From March through mid April, hundreds of thousands of college students flock to warmer climates for a weeklong escape from the winter doldrums and pressures of academic life. And while this time of year can bring a spike in hotel occupancy to popular vacation destinations across the country, the traditional spring break party does come with its fair share of challenges and risks for owners. John Laurie, director of the destination marketing and tourism practice at Bond Public Relations and Brand Strategy in New Orleans, shares five factors to consider when determining whether to court the next generation of spring breakers.
To save money, students will often pack as many people as possible per guestroom. That could mean a loss of potential revenue for owners, Laurie says. “Whereas if a family came down, you might get two people to a room, so you’ll have less people and make more money.”
There’s a chance that things will get broken, dirty, or unusable. That’s why Laurie suggests temporarily removing expensive artwork, décor, and flat-screen TVs. “Hotel owners should do what they can to mitigate risk,” he explains.
Local ordinances and zoning laws could affect your business. “There comes a point when residents, business owners, and politicians no longer want those students there, and they will start passing laws like in Daytona Beach or Fort Lauderdale to curb or even eliminate behavior,” Laurie says. “Students will then go to a place where those rules don’t exist.”
A high influx of students does not always guarantee the biggest profits. For instance, Panama City Beach, Fla., is the undisputed mecca of spring break, drawing more than half a million college students each year, but Laurie says it’s not the city’s most profitable time of year. “They actually make more money on hotel tax receipts in the summertime when families come to visit,” he says.

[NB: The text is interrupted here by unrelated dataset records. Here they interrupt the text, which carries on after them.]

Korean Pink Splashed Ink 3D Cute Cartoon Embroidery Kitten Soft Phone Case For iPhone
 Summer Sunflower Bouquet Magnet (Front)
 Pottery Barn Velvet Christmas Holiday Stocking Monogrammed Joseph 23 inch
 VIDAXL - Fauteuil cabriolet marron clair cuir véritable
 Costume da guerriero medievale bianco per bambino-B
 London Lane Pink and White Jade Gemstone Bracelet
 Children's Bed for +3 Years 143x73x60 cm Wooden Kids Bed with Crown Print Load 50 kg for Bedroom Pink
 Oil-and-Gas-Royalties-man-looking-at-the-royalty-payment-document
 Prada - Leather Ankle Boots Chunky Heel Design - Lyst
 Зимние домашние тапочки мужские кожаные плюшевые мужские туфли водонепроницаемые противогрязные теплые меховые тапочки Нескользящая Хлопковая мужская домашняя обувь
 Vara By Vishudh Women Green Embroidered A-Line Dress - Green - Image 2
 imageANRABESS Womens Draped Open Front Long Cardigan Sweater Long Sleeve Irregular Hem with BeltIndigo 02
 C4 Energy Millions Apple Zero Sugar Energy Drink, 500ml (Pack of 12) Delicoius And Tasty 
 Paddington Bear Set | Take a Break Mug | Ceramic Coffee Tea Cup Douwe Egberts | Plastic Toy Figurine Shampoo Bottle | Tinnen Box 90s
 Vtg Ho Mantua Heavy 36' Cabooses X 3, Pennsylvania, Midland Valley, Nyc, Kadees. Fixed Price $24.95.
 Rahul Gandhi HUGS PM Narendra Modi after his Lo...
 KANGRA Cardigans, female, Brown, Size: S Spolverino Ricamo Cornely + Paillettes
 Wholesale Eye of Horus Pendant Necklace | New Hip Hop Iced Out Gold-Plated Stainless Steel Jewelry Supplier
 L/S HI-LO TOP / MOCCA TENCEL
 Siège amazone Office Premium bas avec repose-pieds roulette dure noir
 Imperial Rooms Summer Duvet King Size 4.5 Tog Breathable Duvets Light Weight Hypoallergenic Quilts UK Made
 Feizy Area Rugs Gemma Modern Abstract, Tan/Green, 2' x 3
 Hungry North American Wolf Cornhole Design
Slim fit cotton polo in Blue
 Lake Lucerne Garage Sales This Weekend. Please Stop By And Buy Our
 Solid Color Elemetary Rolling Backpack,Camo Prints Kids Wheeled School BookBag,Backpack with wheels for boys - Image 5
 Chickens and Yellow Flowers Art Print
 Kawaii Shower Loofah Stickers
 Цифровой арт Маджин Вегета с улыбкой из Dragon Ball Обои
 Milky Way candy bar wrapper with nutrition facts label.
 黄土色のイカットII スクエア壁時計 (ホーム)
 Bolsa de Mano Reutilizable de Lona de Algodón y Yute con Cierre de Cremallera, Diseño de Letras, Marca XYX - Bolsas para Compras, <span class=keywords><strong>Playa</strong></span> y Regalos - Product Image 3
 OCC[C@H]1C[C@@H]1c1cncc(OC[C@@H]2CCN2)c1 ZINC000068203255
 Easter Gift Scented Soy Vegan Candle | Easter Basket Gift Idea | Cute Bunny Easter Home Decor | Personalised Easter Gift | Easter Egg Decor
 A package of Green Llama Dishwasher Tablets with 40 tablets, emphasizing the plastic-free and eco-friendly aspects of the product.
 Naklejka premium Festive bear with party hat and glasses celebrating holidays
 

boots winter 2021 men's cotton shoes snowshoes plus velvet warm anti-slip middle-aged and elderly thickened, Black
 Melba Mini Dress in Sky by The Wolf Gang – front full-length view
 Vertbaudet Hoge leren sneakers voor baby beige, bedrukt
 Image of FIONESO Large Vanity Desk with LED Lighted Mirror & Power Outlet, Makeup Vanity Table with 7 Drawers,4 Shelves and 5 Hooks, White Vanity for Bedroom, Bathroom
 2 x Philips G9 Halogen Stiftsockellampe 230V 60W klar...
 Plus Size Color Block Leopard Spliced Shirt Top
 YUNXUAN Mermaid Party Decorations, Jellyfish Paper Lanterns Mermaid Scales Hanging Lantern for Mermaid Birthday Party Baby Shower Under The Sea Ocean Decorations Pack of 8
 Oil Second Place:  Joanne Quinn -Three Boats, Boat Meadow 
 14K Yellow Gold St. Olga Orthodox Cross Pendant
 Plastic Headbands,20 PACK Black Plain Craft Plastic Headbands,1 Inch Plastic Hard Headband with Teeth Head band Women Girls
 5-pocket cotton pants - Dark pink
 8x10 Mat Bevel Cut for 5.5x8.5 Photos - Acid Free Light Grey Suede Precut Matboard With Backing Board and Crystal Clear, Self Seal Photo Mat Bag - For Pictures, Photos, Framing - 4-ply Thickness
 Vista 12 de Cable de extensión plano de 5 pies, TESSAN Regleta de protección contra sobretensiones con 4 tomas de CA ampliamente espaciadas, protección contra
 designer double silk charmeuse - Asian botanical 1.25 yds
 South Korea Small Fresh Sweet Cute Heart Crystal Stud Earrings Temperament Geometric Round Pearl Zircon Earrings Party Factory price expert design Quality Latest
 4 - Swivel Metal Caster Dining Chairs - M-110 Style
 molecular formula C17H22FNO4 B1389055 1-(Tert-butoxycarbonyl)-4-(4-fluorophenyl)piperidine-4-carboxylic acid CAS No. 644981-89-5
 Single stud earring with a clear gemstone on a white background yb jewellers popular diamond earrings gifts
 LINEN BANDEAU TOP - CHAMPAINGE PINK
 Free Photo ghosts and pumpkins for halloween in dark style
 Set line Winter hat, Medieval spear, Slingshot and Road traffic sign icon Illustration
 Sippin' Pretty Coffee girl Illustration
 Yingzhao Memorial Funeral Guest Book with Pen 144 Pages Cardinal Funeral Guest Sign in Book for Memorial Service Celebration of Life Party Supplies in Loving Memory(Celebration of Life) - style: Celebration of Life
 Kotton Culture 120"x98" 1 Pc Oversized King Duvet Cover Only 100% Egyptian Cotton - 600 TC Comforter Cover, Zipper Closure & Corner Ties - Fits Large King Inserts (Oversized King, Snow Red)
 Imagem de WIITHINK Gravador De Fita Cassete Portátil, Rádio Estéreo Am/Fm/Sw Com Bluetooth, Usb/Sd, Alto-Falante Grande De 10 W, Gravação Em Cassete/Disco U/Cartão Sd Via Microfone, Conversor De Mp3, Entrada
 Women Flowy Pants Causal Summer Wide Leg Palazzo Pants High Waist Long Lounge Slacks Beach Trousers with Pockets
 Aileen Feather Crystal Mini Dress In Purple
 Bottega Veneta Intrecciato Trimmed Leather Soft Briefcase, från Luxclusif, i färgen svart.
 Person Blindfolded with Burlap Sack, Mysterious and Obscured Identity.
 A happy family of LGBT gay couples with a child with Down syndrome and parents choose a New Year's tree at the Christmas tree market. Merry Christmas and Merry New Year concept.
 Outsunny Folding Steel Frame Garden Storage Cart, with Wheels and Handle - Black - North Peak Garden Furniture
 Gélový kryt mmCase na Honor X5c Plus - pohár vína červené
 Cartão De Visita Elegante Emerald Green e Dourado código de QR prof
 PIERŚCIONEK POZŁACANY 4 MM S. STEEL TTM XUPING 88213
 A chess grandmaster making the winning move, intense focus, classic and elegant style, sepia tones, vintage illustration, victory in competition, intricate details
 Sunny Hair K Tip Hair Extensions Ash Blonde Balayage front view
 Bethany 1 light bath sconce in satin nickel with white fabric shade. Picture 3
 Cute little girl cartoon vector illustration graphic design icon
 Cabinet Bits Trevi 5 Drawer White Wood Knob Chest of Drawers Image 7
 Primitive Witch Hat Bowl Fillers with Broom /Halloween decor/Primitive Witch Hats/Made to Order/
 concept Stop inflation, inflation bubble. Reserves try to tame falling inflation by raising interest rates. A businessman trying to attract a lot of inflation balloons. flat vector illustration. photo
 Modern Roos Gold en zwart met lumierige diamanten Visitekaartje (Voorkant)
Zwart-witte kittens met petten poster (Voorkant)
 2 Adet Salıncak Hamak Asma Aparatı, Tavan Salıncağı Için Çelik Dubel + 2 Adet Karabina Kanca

When properly managed, spring break can prove lucrative for businesses. Laurie cites Lake Havasu City, Ariz., as one destination that makes out really well each year. “Their tax receipts are almost as high for spring break as they are for the summer,” he says. “They’ve managed to put together a spring break that mitigates the risk for students, does not annoy the residents, makes money for the businesses, and everyone has a good time. I think it’s all in how you position yourself as a spring break location.”